— PROMPT —
Every entry should appear in your answer exactly as it does here.

— Source data —
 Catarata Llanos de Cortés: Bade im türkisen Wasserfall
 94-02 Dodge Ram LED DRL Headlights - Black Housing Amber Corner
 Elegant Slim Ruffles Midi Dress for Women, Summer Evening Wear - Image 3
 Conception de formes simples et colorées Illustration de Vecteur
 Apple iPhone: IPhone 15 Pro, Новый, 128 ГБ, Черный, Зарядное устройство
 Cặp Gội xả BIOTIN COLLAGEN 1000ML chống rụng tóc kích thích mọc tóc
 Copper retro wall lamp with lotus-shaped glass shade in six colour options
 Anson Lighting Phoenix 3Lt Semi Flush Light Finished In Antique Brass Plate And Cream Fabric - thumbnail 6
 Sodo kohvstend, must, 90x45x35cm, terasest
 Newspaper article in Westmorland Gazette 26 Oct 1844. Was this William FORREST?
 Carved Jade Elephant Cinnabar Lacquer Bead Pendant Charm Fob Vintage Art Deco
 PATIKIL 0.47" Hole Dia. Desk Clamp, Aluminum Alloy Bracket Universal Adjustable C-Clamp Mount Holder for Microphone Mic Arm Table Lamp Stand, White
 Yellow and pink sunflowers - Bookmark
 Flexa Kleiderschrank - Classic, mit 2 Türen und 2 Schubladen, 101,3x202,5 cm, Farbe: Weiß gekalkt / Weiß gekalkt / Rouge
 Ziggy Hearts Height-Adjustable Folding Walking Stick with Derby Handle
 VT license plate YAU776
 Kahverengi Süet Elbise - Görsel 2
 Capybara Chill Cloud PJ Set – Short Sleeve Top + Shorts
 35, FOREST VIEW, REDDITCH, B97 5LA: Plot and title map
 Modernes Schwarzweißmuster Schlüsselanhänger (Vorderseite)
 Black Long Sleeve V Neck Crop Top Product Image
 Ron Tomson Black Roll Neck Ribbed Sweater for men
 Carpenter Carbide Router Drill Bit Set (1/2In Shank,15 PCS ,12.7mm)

— COMPLETED EXERCISE —
 Catarata Llanos de Cortés: Bade im türkisen Wasserfall
 94-02 Dodge Ram LED DRL Headlights - Black Housing Amber Corner
 Elegant Slim Ruffles Midi Dress for Women, Summer Evening Wear - Image 3
 Conception de formes simples et colorées Illustration de Vecteur
 Apple iPhone: IPhone 15 Pro, Новый, 128 ГБ, Черный, Зарядное устройство
 Cặp Gội xả BIOTIN COLLAGEN 1000ML chống rụng tóc kích thích mọc tóc
 Copper retro wall lamp with lotus-shaped glass shade in six colour options
 Anson Lighting Phoenix 3Lt Semi Flush Light Finished In Antique Brass Plate And Cream Fabric - thumbnail 6
 Sodo kohvstend, must, 90x45x35cm, terasest
 Newspaper article in Westmorland Gazette 26 Oct 1844. Was this William FORREST?
 Carved Jade Elephant Cinnabar Lacquer Bead Pendant Charm Fob Vintage Art Deco
 PATIKIL 0.47" Hole Dia. Desk Clamp, Aluminum Alloy Bracket Universal Adjustable C-Clamp Mount Holder for Microphone Mic Arm Table Lamp Stand, White
 Yellow and pink sunflowers - Bookmark
 Flexa Kleiderschrank - Classic, mit 2 Türen und 2 Schubladen, 101,3x202,5 cm, Farbe: Weiß gekalkt / Weiß gekalkt / Rouge
 Ziggy Hearts Height-Adjustable Folding Walking Stick with Derby Handle
 VT license plate YAU776
 Kahverengi Süet Elbise - Görsel 2
 Capybara Chill Cloud PJ Set – Short Sleeve Top + Shorts
 35, FOREST VIEW, REDDITCH, B97 5LA: Plot and title map
 Modernes Schwarzweißmuster Schlüsselanhänger (Vorderseite)
 Black Long Sleeve V Neck Crop Top Product Image
 Ron Tomson Black Roll Neck Ribbed Sweater for men
 Carpenter Carbide Router Drill Bit Set (1/2In Shank,15 PCS ,12.7mm)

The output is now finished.